Why translation invariance matters in practice

This is the part where the seam shows. Logits coming out of a neural network can be enormous — exp(1000) overflows a 32-bit float instantly. But because softmax is translation invariant, you can subtract max(z) from every entry before exponentiating without changing the answer. The largest input becomes 0, exp(0) = 1, everything else is between 0 and 1, no overflow. Every production softmax implementation does this. It’s a free numerical-stability trick that falls out of the same property that justified the exp in the first place.

The gradient that made it stick

Even if you accepted some other positive-and-increasing function, softmax has one more property that explains why the field standardized on it: when you compose softmax with cross-entropy loss, the gradient simplifies to something almost embarrassingly clean.

If p = softmax(z) and the loss is L = −log p_y (cross-entropy with the correct class y), then:

∂L/∂z_i = p_i − 1[i = y]

That’s it. The gradient with respect to the logits is just “predicted probability minus 1 for the right class.” No exponentials in the gradient, no chain-rule explosion, no special cases. Every modern deep-learning framework exploits this by fusing softmax and cross-entropy into a single op (log_softmax + nll_loss, or softmax_cross_entropy_with_logits) because computing them separately is both slower and less numerically stable.

That clean gradient is, I’d argue, the single biggest reason softmax survived the transition from statistics to deep learning. Other functions satisfy the four constraints up to constants; none of them give you a gradient that simple.

The Boltzmann connection

The same formula p_i ∝ exp(−E_i / kT) describes the probability of finding a thermodynamic system in state i with energy E_i at temperature T. The mapping is exact: a logit is a negative energy, and the softmax temperature is the physical temperature. High temperature → the distribution flattens (all states roughly equally likely). Low temperature → it concentrates on the lowest-energy (highest-logit) state. At T → 0, softmax becomes argmax.

The standard account in physics derives the Boltzmann distribution by maximizing entropy subject to a constraint on expected energy. Run the same derivation in ML — what’s the maximum-entropy distribution consistent with these expected sufficient statistics? — and you get softmax. Same math, different vocabulary.

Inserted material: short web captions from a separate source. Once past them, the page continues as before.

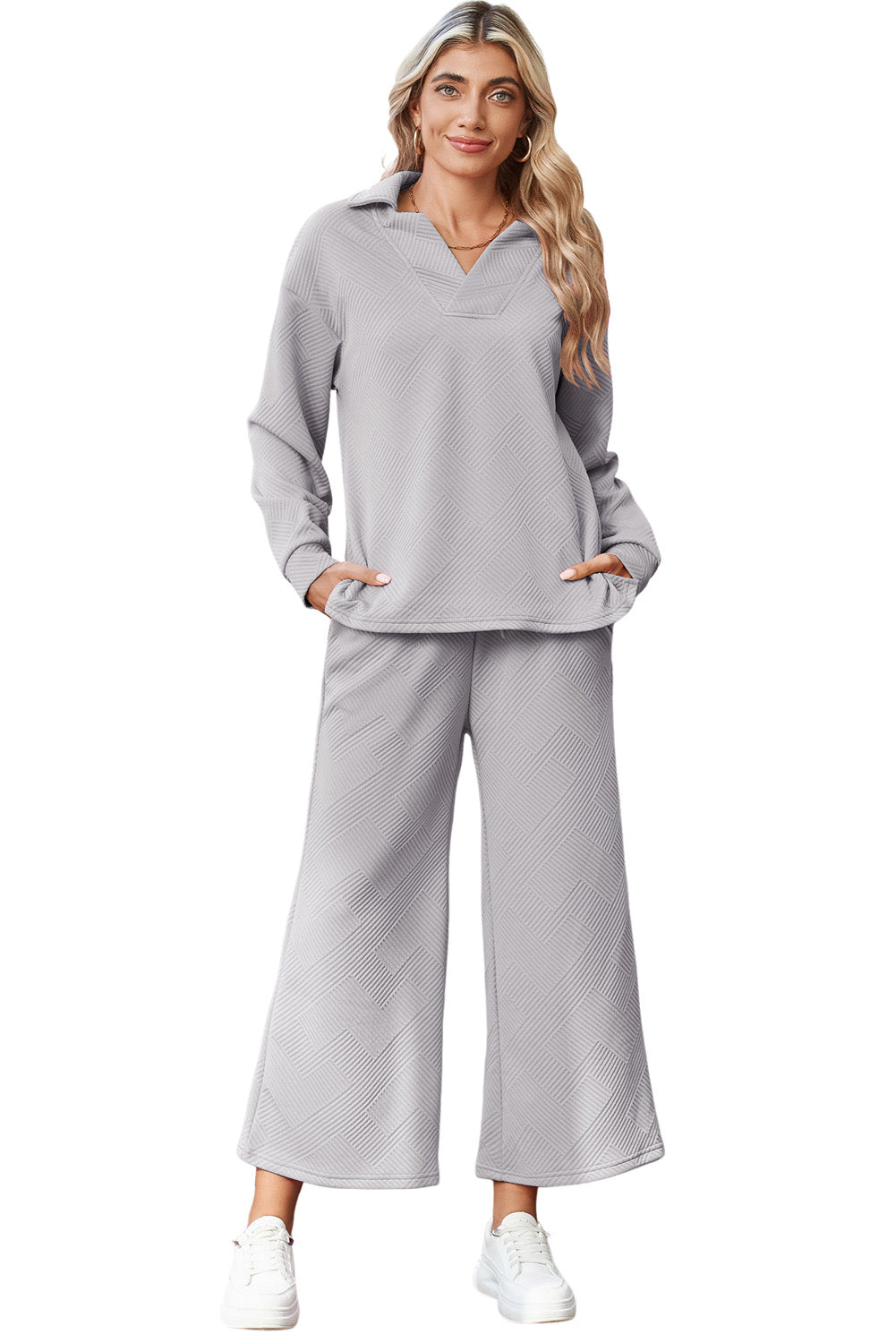 Light Grey Solid Textured Collared V Neck Top and Wide Leg Pants Set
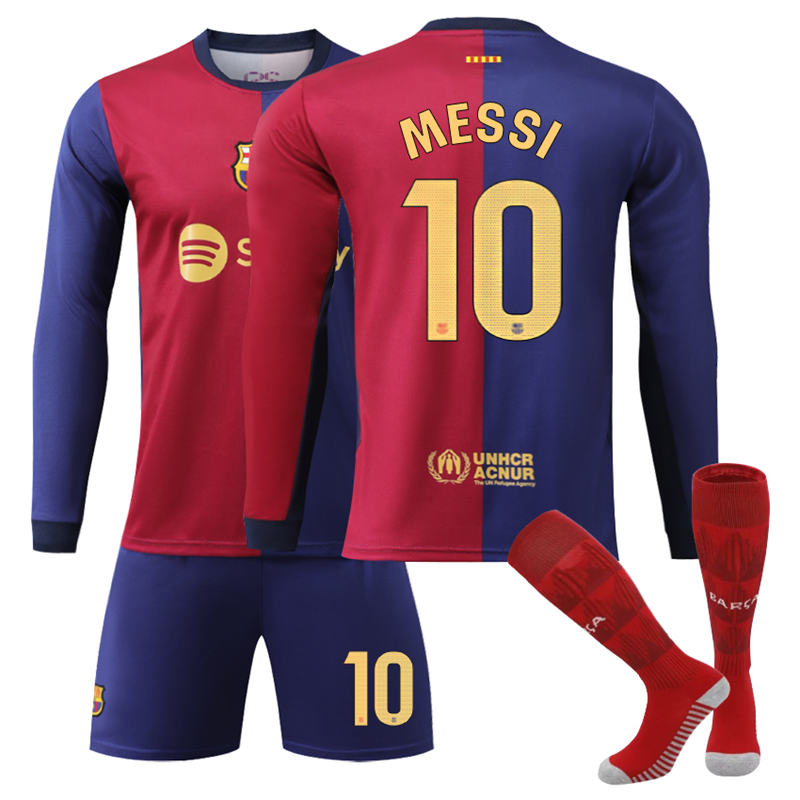 UONNO Barcelona Home MESSI #10 Soccer Jersey Kids Adult 3Pcs Long Sleeve Outfits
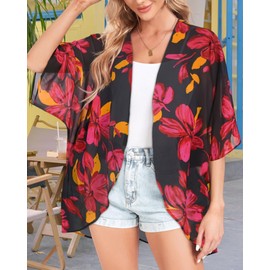 Beach Cover Ups for Women Summer Open Front Shorts Sleeve Beach Boho Kimono Cardigans Cruise Outfits(Red Flower Black,L)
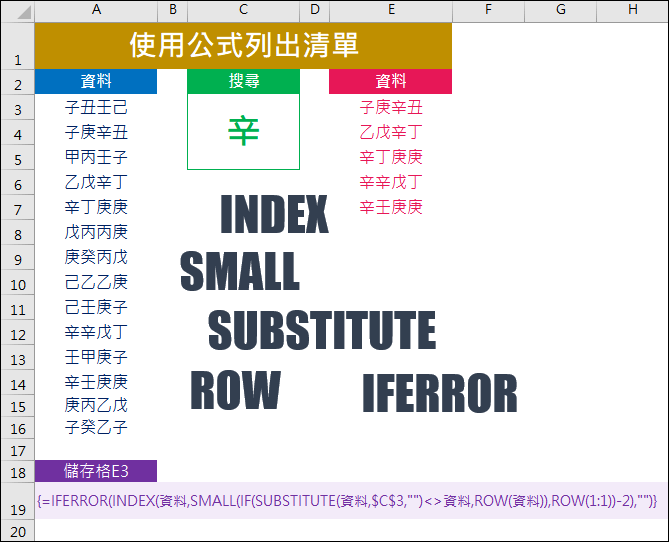 Excel-在儲存格清單中進行模糊搜尋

Sigmoid — sigmoid(x) = 1 / (1 + exp(−x)) — softmax for two classes. Falls out of softmax over {x, 0} after cancellation. Same exponential, same translation-invariance argument.
Logit — logit(p) = log(p / (1 − p)) — the inverse of sigmoid. The “raw scores” that go into softmax are called logits because in the binary case they literally are logits.
Cross-entropy loss — H(p, q) = − Σ p(x) log q(x) — the loss function softmax was made for; see entropy.
Temperature — softmax_T(z) = softmax(z / T) — the knob that controls how peaked or flat the output distribution is. See temperature.
Boltzmann distribution — p_i ∝ exp(−E_i / kT) — the physics ancestor. Maximum-entropy distribution given an energy constraint.
Argmax — argmax = softmax at T → 0 — the non-differentiable function softmax exists to smooth out.

Going deeper

Bridle, J. S. (1990), Probabilistic interpretation of feedforward classification network outputs — one of the early treatments of softmax in a neural-net classifier. (I’m naming this from memory of the literature; I haven’t re-verified the title and year against the original — treat as a starting point, not a citation.)
Goodfellow, Bengio, Courville, Deep Learning — chapter 6 walks through the softmax + cross-entropy pairing and the clean gradient.
Jaynes, E. T., Probability Theory: The Logic of Science — for the maximum-entropy derivation that connects softmax to Boltzmann via a constrained optimization rather than via physics.

A note on what I’m sure of. The translation-invariance argument forcing exp is a standard piece of the exponential family story and the clean softmax–cross-entropy gradient is straightforward calculus. The historical claim about who first used softmax on a neural network is the part I’d most want a real source for and don’t have one on hand; the broader “this came from statistical mechanics and multinomial logistic regression” framing is the standard account but I haven’t traced individual citations.